7 Miami leaders to know on Women’s Equality Day. Here’s how they changed the city
Miami is known for pioneers. And that includes the women who helped found the city, save the Everglades and run some of the most notable institutions.
Miami-Dade County’s first female mayor. The city’s founding mother. A pioneering prosecutor. The primary defender of the Everglades. A civil rights leader. The general manager of the Miami Marlins. The president of Miami Dade College.
Thursday, Aug. 26, is Women’s Equality Day, commemorating the anniversary of women earning the right to vote in 1920. And while we take a moment to recognize the historical significance of the day, we should also salute all of the women leaders of Miami.
They include:
▪ Miami-Dade County Mayor Daniella Levine Cava: She was elected Miami-Dade mayor in November, the first woman to win the office and the victor in a campaign that upended the power of demographics in favor of partisan loyalty in a county where Democrats vastly outnumber Republicans. She’s the first candidate without Hispanic roots to win a county mayoral race since the early 1990s and the first Democrat since 2000. “Tonight with humility and gratitude I am honored to stand before you as the first female mayor of Miami-Dade County,” she said on Election Night. “Miami-Dade’s glass ceiling has been shattered.”
▪ Everglades savior Marjory Stoneman Douglas: She was the pioneering environmentalist and the most ardent and eloquent champion of the Florida Everglades. Douglas, daughter of the Miami Herald’s founding editor, Frank Stoneman, had lived in Miami since 1915 and was present at the dedication of Everglades National Park in 1947. She was the author of “The Everglades: River of Grass,” published the same year.
▪ Miami founder Julia Tuttle: No woman voted in Miami’s 1896 election. Women were not allowed to vote in the United States until 1920. Ironically, Julia Tuttle acquired the land on which the original Miami was built and convinced Henry Flagler to extend his railroad to South Florida. Known as “the mother of Miami,” Julia Tuttle was the first woman to start a major city in the USA.
▪ Former state attorney and attorney general Janet Reno: She was a prosecutor, a politician and a pioneer — a brainy South Floridian who grew up barefoot among peacocks and alligators and rose to the highest levels of government as the nation’s first female attorney general.
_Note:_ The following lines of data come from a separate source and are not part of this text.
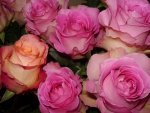 Pink Roses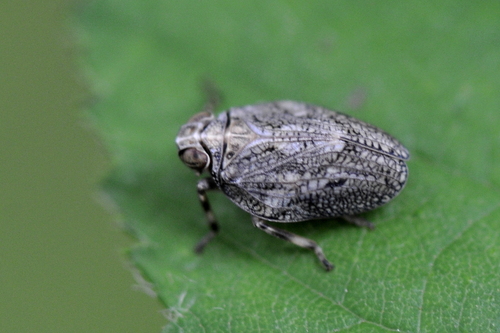 Issus coleoptratus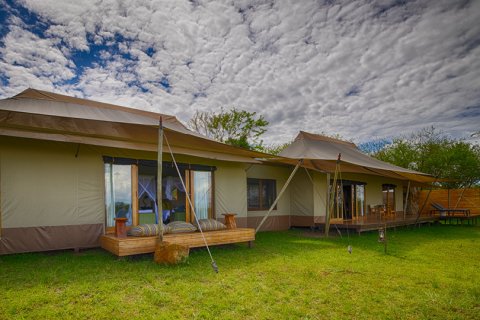 Passionate Guides Tanzania - 1156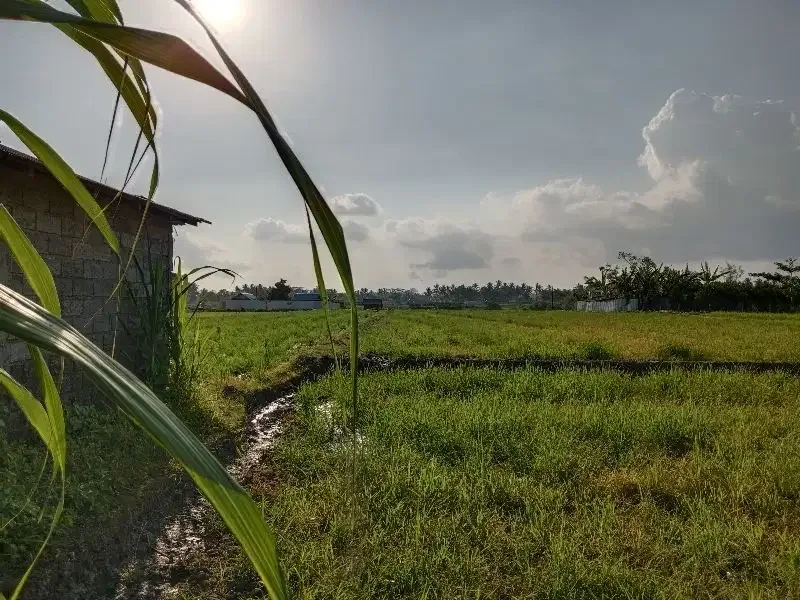 DIJUAL TANAH COCOK UNTUK GUDANG DAN USAHA - Image 8 of 9
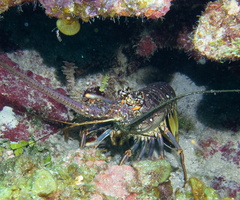 54 Lobster-2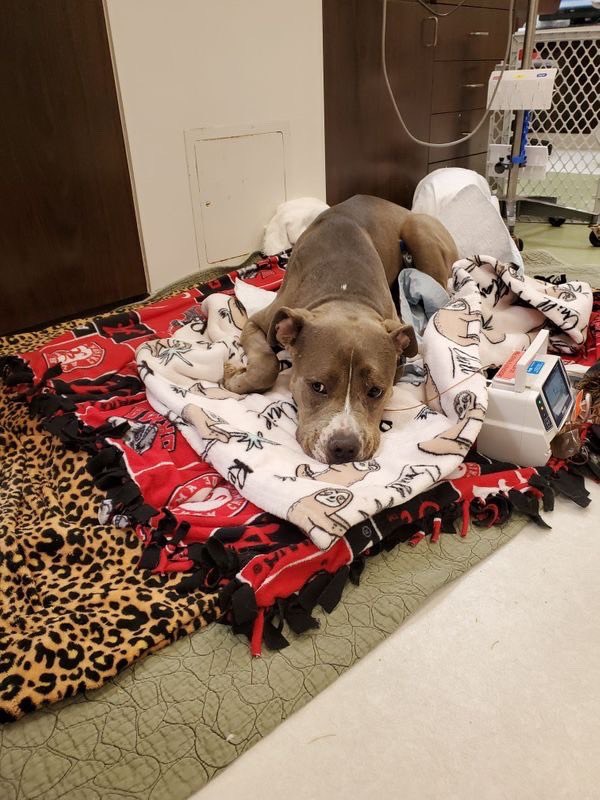 This is Chico. He was hit by a car and paralyzed earlier this week. After a successful surgery yesterday to repair fractured vertebrae, he was able to wiggle all his toes. He has a long road to a full recovery, but you can help him get there below. 13/10

gofundme.com/f/kks3vh-chico…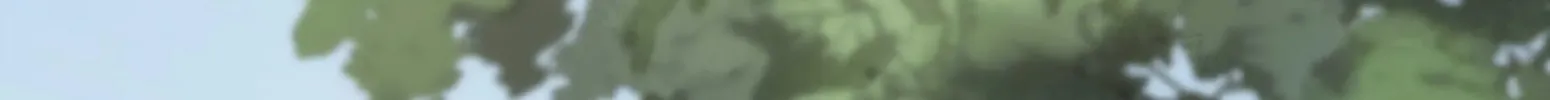 Pixiu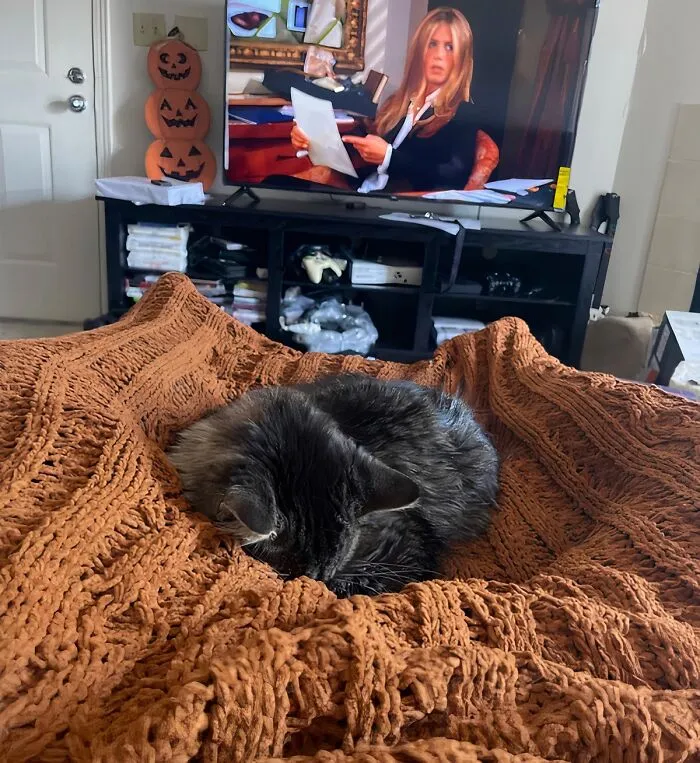 This <a Style="Display:inline;" Href="Https://Www.amazon.com/Battilo-Blanket-Halloween-Decoration-Chenille/Dp/B0b62tjhdx?dib=eyj2ijoimsj9.o4hedapvqg2d4mio2sps5df5mxdbrpduquazhvlzd9qp-Ckberexe_phjln_nhtoloaabokhh3p1cucp8mg1vsa2eymcqt0qjcyu9hyzdu0gybc1h1isvp2qwli_qq7cpuw4b-6jmfxkc-Msssuv48ocstnro3jmzw1fizl0f2ofwhkiaq7pd8gr7i_i8g9qnci_30opevvudmi9cvzixzfqwvpqfhfaqbuuwzzfzl8.ypt6snegtpyj8bgiijv9ev5yd4qjw8kp6p9srgfrihu&dib_tag=se&keywords=fall%2bstuff&qid=1725353111&sr=8-20-Spons&sp_csd=d2lkz2v0tmftzt1zcf9tdgy&th=1&linkcode=ll1&tag=bpostrich-20&linkid=a4e5b86a2826081953665b4f5cdf444f&language=en_us&ref_=as_li_ss_tl " Target="_blank"><span Style="Font: Inherit; Color: #d74b1f;"> Burnt Orange Throw Blanket</Span> Is The Pumpkin Spice Of Home Decor, Adding Warmth And Autumnal Charm To Any Room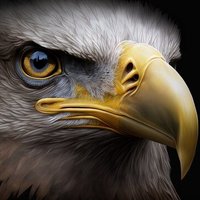 Eagle Eyes Multibagger Investment(@EagleEyesTrades) 's Twitter Profile Photo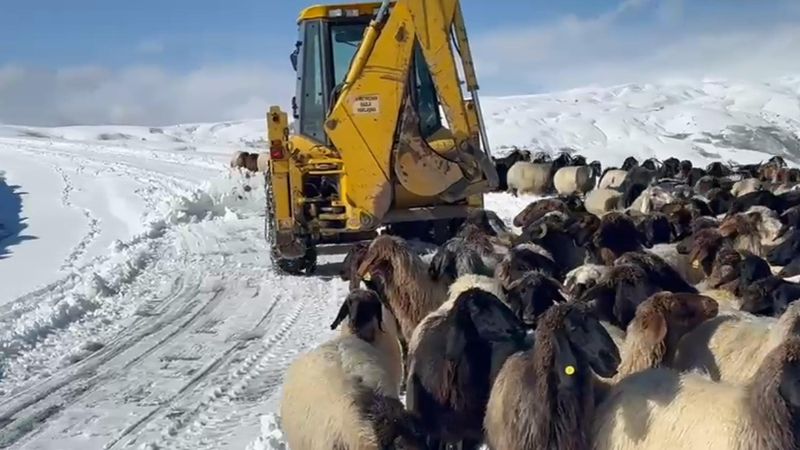 Muş'ta kar ve tipi etkili oldu: 14 köy yolu ulaşıma kapandı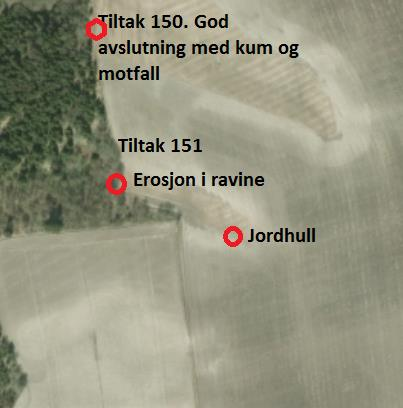 6.14 Anlegg: Jørentvet Kommune: Trøgstad Tiltaksnummer i Bioforskrapport 102/2013: 150-151 Observasjoner fra feltarbeid: Tiltak 151: Det er et stort jordhull i en bakke ca 50 meter fra utløpet.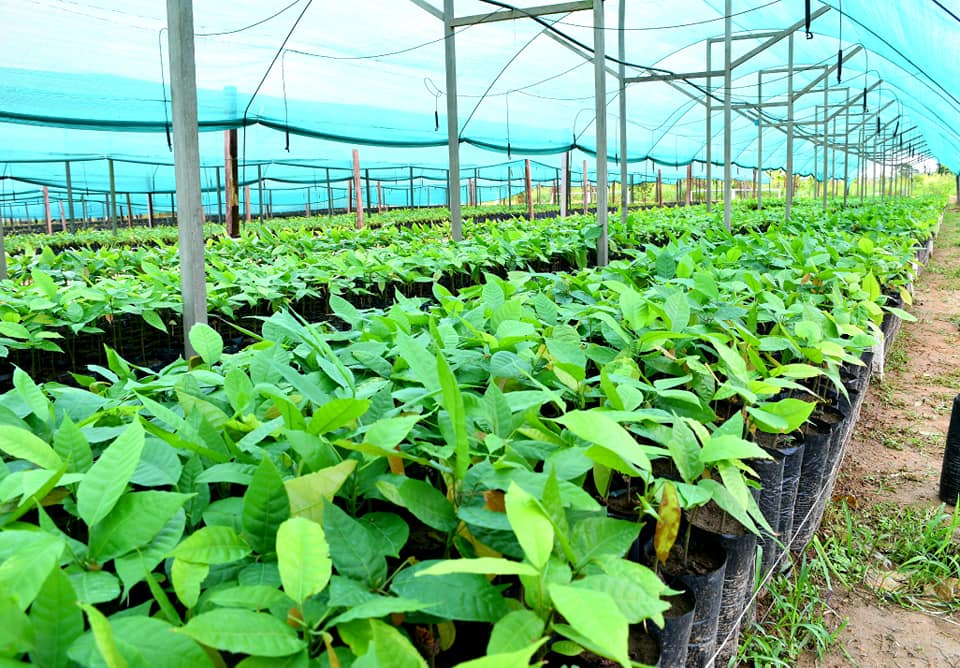 123203812_3518878241566205_7161447295994895137_n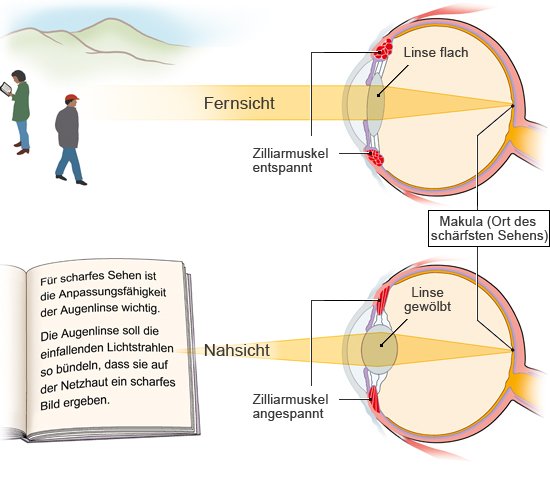 Grafik: Anpassung an Nah- und Fernsicht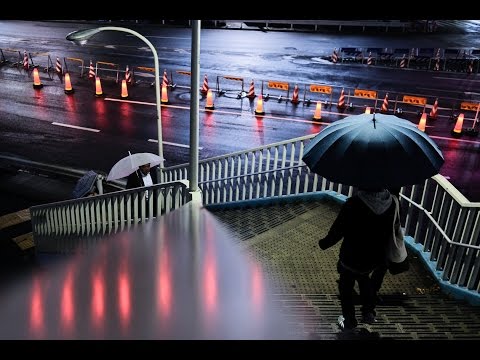 Metropolight: a photobook.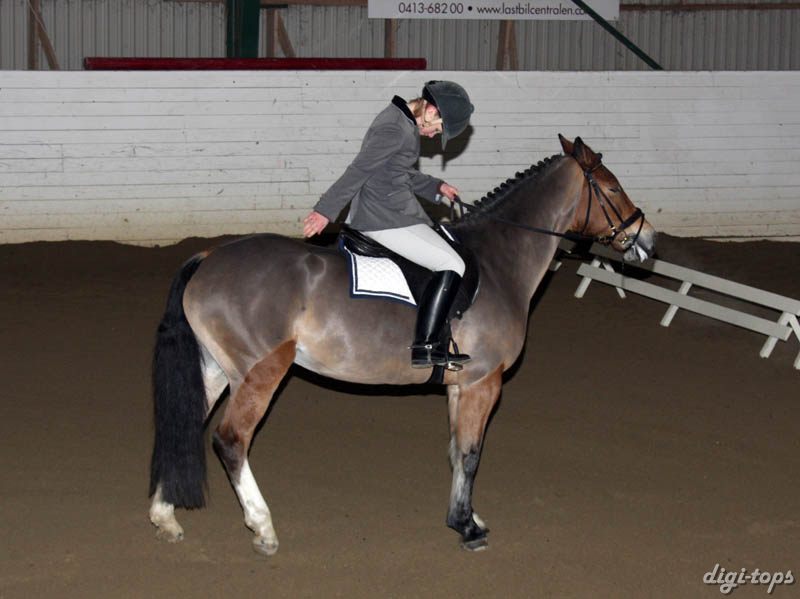 20081123_103010_0036 Sofia Hansson Djessie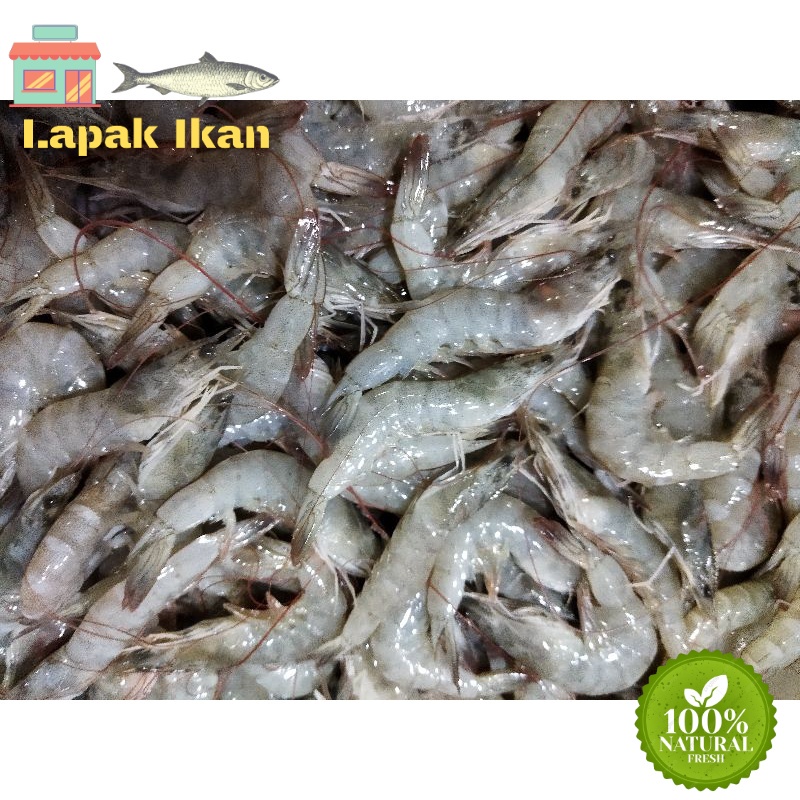 

GROSIR Udang Vaname Segar Size 150-160 Udang Fresh Segar Dan BERGARANSI 5Kilogram / 10Kilogram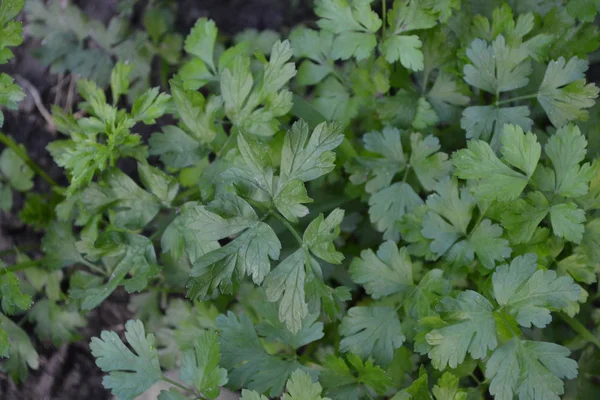 Zelené Listy Zahradničení Petržel Petroselinum Crispum Oblíbené Koření Vaření — Stock fotografie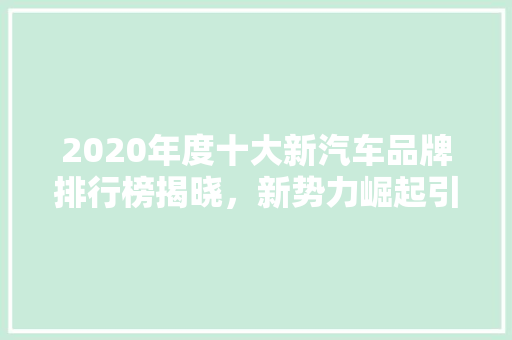 2020年度十大新汽车品牌排行榜揭晓，新势力崛起引领汽车产业未来  第1张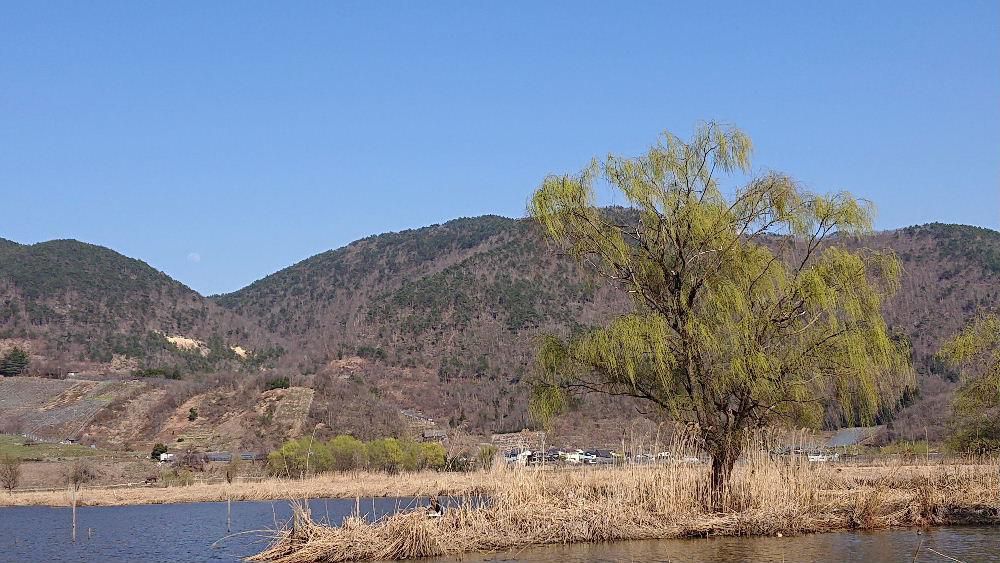 連日暖かい日が続いて周りの景色も少しずつ色づいてきました　白竜湖の湖畔に淡い黄緑の木が周りの枯れた山や葦などを押しのけるかのように春を告げています　まもなく一斉に木々や草花も芽吹いて一面の緑となるのもそう遠くありません。春本番を迎えようとしています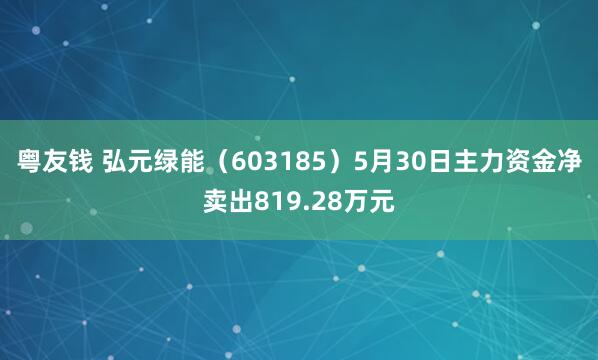 粤友钱 弘元绿能（603185）5月30日主力资金净卖出819.28万元
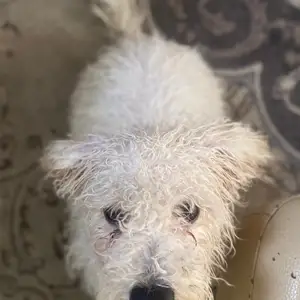 Er 4 sartai bichon frise, Улаанбаатар — Хан-Уул — Нисэх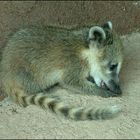 Mini-Coati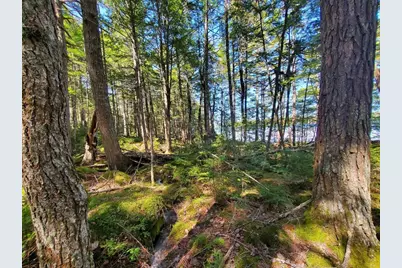 0 Cody Way, Lakeville, ME 04487 - Photo 39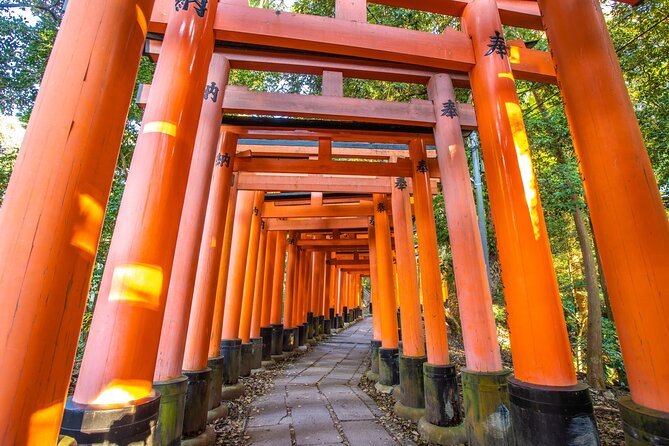 Full Day Guided Tour to Kyoto and Nara from Osaka by Van - A fast route from Osaka to Kyoto and Nara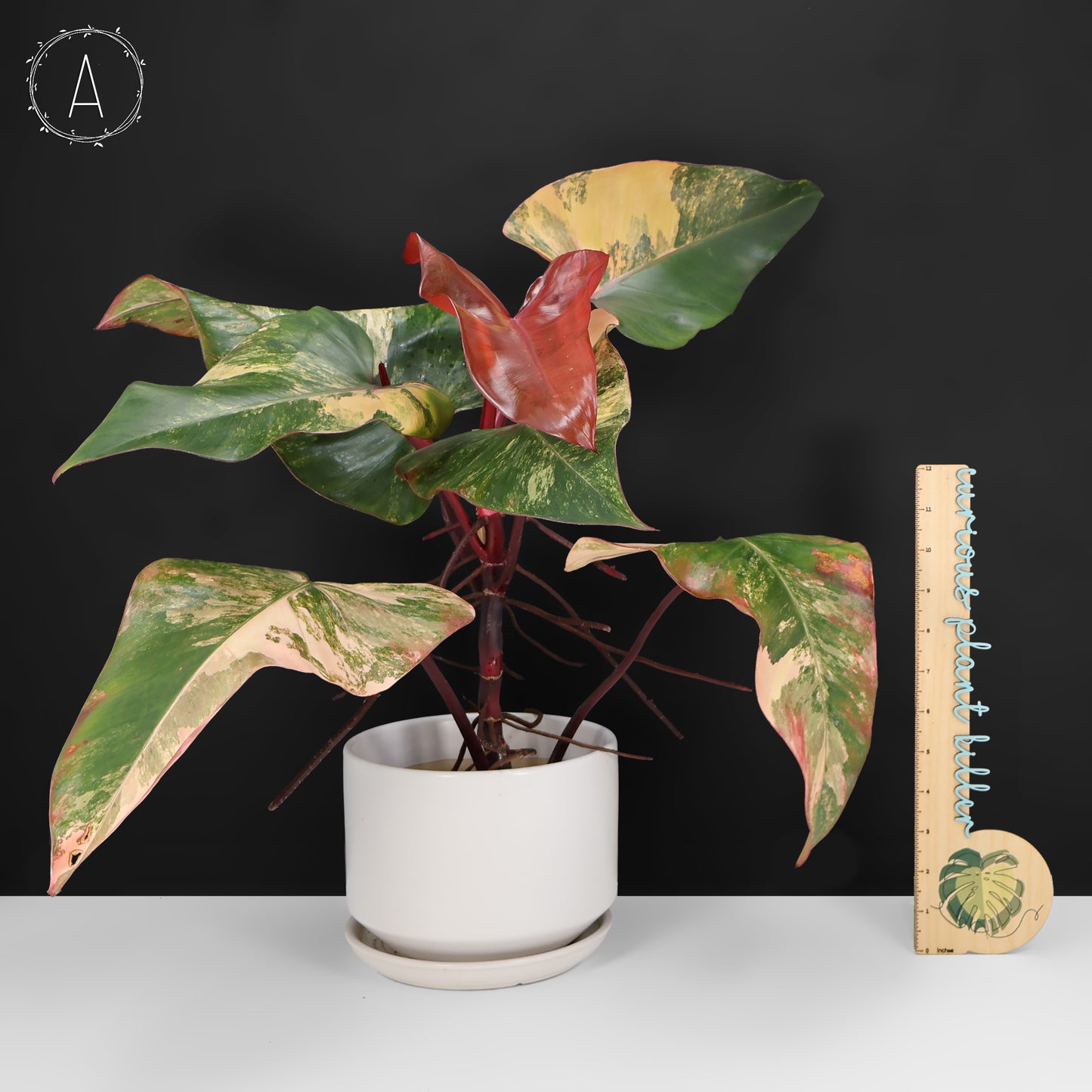 Philodendron Strawberry Shake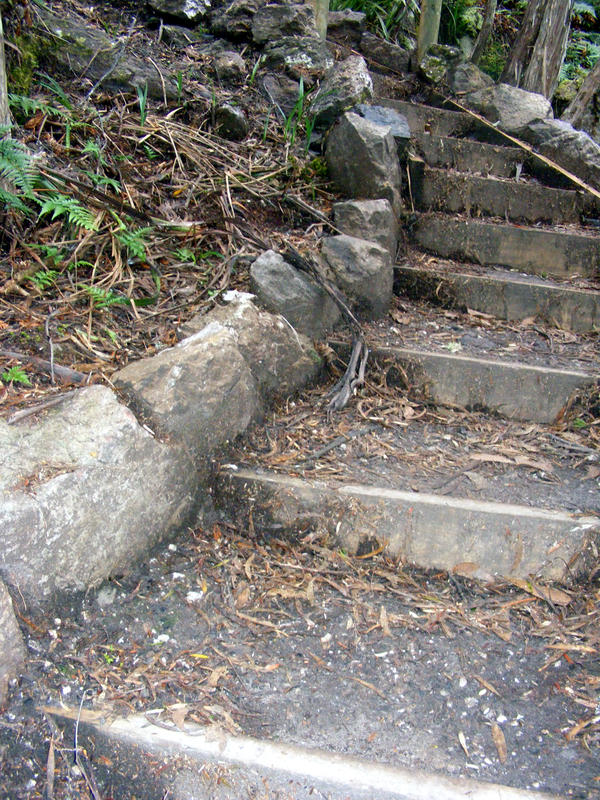 Stairs Through Woods 06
Reno served as Miami-Dade state attorney for 15 years — establishing a Drug Court that became a national model — and worked briefly in private practice before President Bill Clinton called in 1993.
▪ Civil rights activist Thelma Gibson: She was the first Black Assistant Supervisor of Nursing in the Dade County Health Department, the founder of the first Miami-Dade’s Women’s Chamber of Commerce, the founder and first president of the Theodore Roosevelt Gibson Memorial Fund, and also briefly served on the Miami City Commission. In 1967, she married Father Theodore Gibson who, to this day, she credits with teaching her the importance of owning property, business and politics. “I tried to do the best I could in a community I love,” she told the Miami Herald earlier this year.
▪ Marlins baseball executive Kim Ng: The Miami Marlins formally introduced Ng as their general manager in November in a historic, if not long overdue, moment in Major League Baseball history. Ng is the highest-ranking woman in baseball operations among MLB’s 30 teams, the first to be given the chance to run a team. “I was not the kid that was always going to follow with the rest of the group,” she said at the announcement. “That was not me. I was going to do my own thing and I didn’t care what people said. I was just going to do it. And that followed me through my professional career.”
▪ Miami Dade College President Madeline Pumariega: The Hialeah native who attended Miami Dade College, played and coached basketball there, became a professor and rose through the ranks to be a campus president, was chosen in January as her alma mater’s next president, becoming the first female president of the nation’s largest college. “Because only could a daughter of Cuban immigrants dream today to be back at her alma mater, where she started as a basketball player, to lead Miami Dade College,” Pumariega said at the time.
The information above was compiled from Miami Herald archives.